WASHINGTON (AP) _ For his first week back at the White House since admitting he had lied about a relationship with Monica Lewinsky, President Clinton's public schedule would appear as ordinary as any in his five-plus years in office.

What makes it extraordinary are the questions the president is attracting, from Democrats as well as Republicans, about whether he still can rally the public to his policy agenda.

Education, health care and Social Security are still top policy priorities for Clinton, but will he weather the Lewinsky crisis and quiet the talk of resignation or impeachment?

Starting with a visit today to an elementary school in Silver Spring, Md., just outside Washington, Clinton was plunging into a busy week that will include a day trip to Florida on Wednesday, a speech on auto safety Thursday and a prayer breakfast with religious leaders Friday.

At Pine Crest Elementary in Silver Spring, Clinton was announcing that Department of Education figures say enrollment at public and private elementary and secondary schools has risen to 52.7 million, the highest in American history. He also will urge Congress to pass his proposals for spending more to repair and modernize older school buildings and hire 100,000 more teachers so that class sizes in early grades can be reduced to an average of 18 students, press secretary Mike McCurry said today.

Maryland Gov. Parris Glendening, a Democrat, declined to attend the school event today, citing the Lewinsky matter. Asked Clinton's reaction, McCurry said, ``The governor is entitled to his opinion.'' He said Clinton ``probably understands the way the governor feels.''

The political landscape in Washington has shifted since Aug. 17 when Clinton admitted his affair with Ms. Lewinsky, a former White House intern, and then headed to Martha's Vineyard in Massachusetts for two weeks of vacation. He could tell as much even while spending last week in Russia and Ireland.

On Saturday, as Clinton was completing his visit to Ireland, Glendening confirmed he had canceled an October fund-raiser with the president and sharply criticized him for deceiving the nation about Ms. Lewinsky, 25. Will other Democrats distance themselves from Clinton as the Nov. 3 state and congressional elections near?

Even as the White House braces for Independent Counsel Kenneth Starr's report to Congress on his Lewinsky investigation, aides say Clinton is intent on highlighting his policy goals and drawing distinctions with the Republican-led Congress.

On Wednesday, he goes to Florida for a public event in Orlando promoting school safety and to speak at fund-raisers for the state Democratic Party in Orlando and Miami.
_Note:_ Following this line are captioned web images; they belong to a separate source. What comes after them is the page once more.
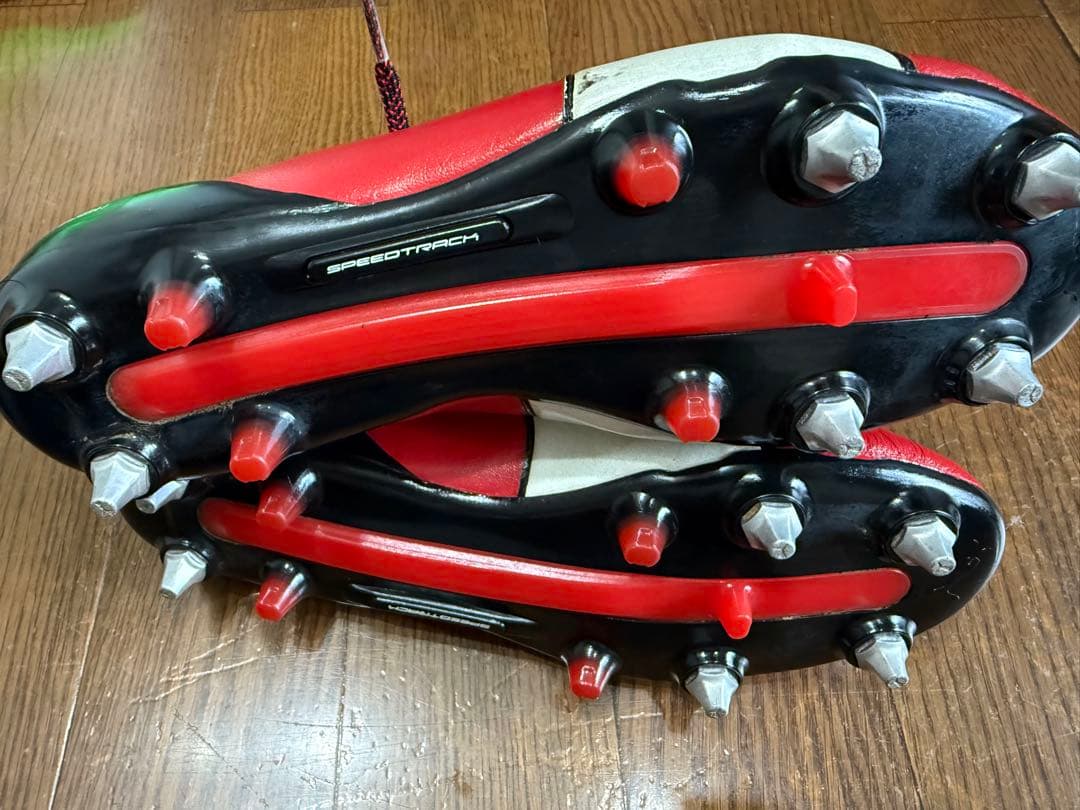 大特価　PUMAプーマエヴォタッチj1 SGソール　26cm サッカースパイク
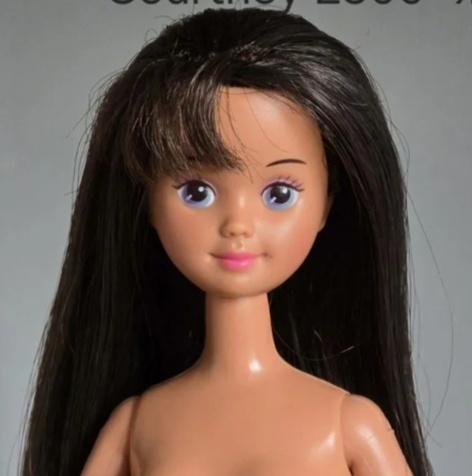 Кортни ищет друзей и хранителя. Фото с Авито..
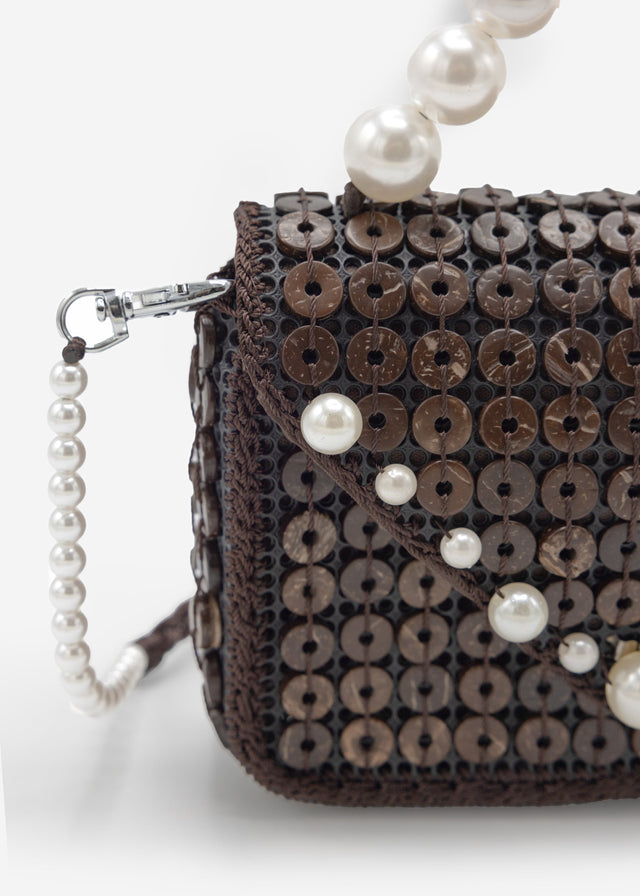 Kleine Tasche mit weißem Perlen-Henkel - dunkelbraun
Later in the week he is to make an announcement at the White House on auto safety, hold a regularly scheduled prayer breakfast with religious leaders and attend a memorial service for U.S. victims of the embassy bombings in Africa.
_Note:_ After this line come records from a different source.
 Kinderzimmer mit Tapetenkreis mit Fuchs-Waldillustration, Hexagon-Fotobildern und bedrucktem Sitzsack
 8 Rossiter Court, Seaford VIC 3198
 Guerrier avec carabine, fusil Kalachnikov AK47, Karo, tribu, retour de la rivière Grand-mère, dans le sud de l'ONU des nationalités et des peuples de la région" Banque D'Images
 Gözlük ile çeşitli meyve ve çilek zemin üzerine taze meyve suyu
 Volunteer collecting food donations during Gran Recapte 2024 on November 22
``If you look at the schedule, it's business as usual,'' White House spokeswoman Amy Weiss said Monday. ``He is doing the people's business, which is what he was elected to do.''

Clinton spent a quiet Labor Day at the White House. He had no public schedule and ventured out only for an afternoon round of golf.

Before his Aug. 17 speech acknowledging an inappropriate relationship with Ms. Lewinsky and having misled people about it, Clinton's legislative priorities already were in trouble. Congress has shown little regard for Clinton's health care and education spending proposals, and Republicans may now have more room to outmaneuver Clinton on tax cuts he opposes.

As Clinton attempts to regain momentum for his policy agenda, he also must worry about an erosion of political support among Democrats in Congress. The outlook darkened last week when Sen. Joseph Lieberman, D-Conn., took to the Senate floor to blast Clinton for ``immoral behavior'' harmful to both the party and the nation.

Other Democrats are questioning whether Clinton's admissions have undermined his ability to lead the nation. Rep. Jim Moran, D-Va., said Sunday ``we're bound to go through with impeachment proceedings.''

Sen. Daniel Patrick Moynihan, D-N.Y., hinted darkly that Clinton's hopes for putting the Lewinsky matter behind him could crumble if Starr's report contains more unsavory surprises about Clinton's personal life.